Former President Anote Tong told Reuters that the next big challenge of the government is to also deliver on the promise of lavish Chinese investment.
Tools for Survival
Wherever they went, early humans were able to adapt to any harsh environment and incorporate tools for their survival.
In fact, archaeologists recently discovered that ancient Homo sapiens developed bows and arrows to survive in the tropical rainforests of modern-day Sri Lanka around 48,000 years ago, Forbes reported.
In their study, the authors uncovered more than 130 bone tools from the Fa-Hien Lena cave, many of which had sharpened points – such as arrowheads or dart tips.
The researchers believe that some of these pointy tools were used for ranged hunting, suggesting that this is the oldest evidence of ancient archery found outside of Africa.
The team also came across other bone fragments that were likely used for fishing or sewing, as well as beads and other ancient pieces of jewelry.
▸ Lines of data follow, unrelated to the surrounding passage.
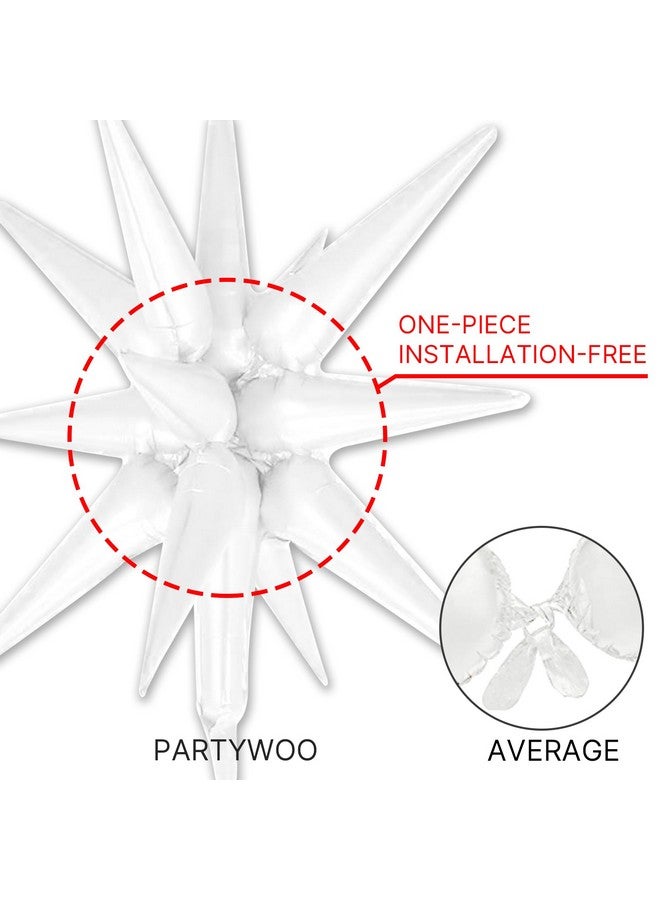 PartyWoo White Balloons 110 pcs Different Sizes 18 12 10 5 Inch Pack 22 Inch White Starburst Spike Star Foil Mylar Balloon Arch Kit Garland for Baby Shower Birthday Party Decorations White-Y13 - Image 4
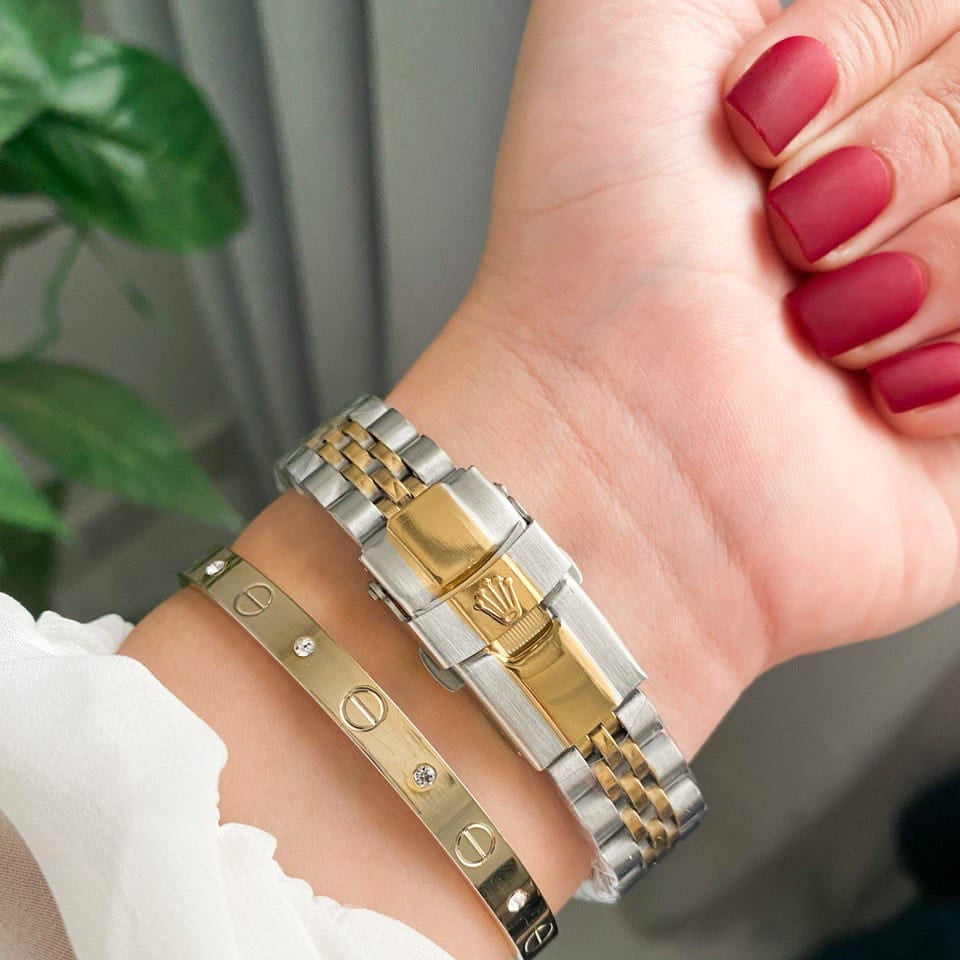 Rolex Lady-Datejust Gold, Sliver with Black dial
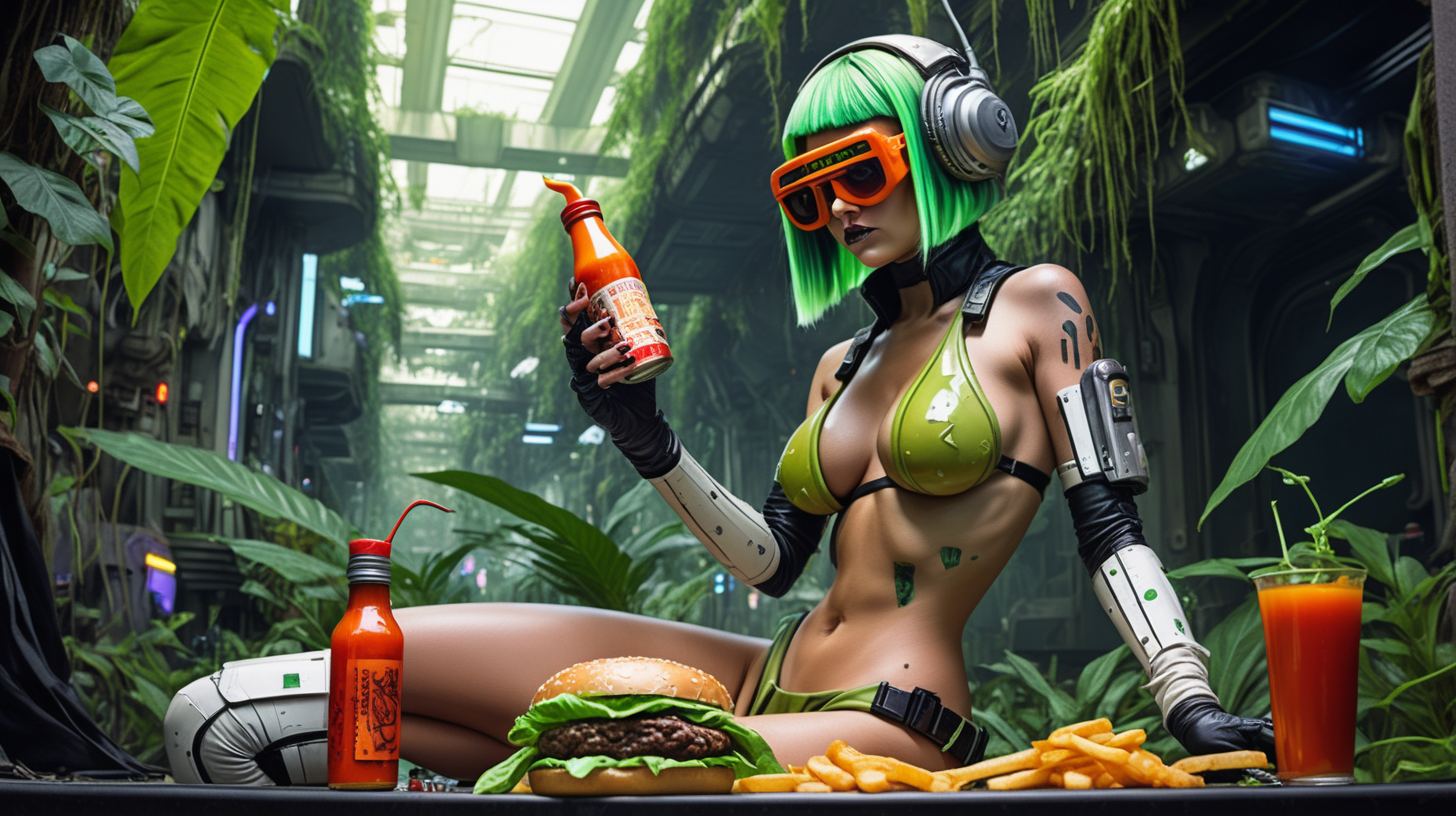 Hera Syndulla bikini putting hot sauce on hamburger in cyberpunk jungle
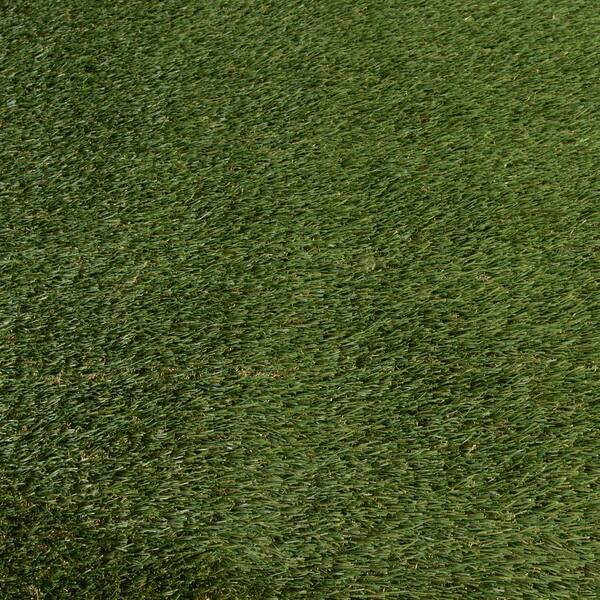 56 oz. 7.5 ft. x 9 ft. Field/Olive Green Artificial Grass Rug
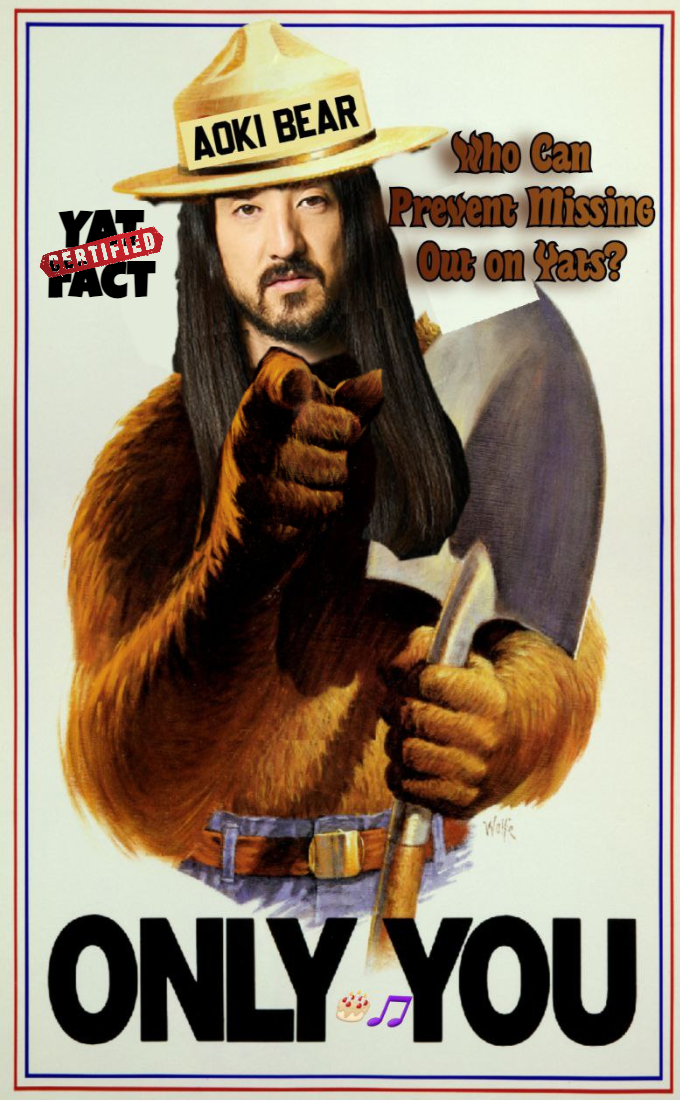 #MemeAoki 🎂🎵 
<a href="/steveaoki/">Steve Aoki</a>
 
<a href="/whatsyouryat/">Yat 🖖</a>
 
#yat #aokiverse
The primitive jewelry suggests that they were used for personal decoration and to symbolize social status.
The discovery of ancient tools outside of Africa could mean that early humans developed these technologies many times over and created specialized tools based on their unique environment.
“Personal ornaments, bows and arrows, and social networks… were all part of this toolkit that allowed our species to inhabit this unique diversity of environments – and colonize basically all of the world’s continents,” said co-author Patrick Roberts.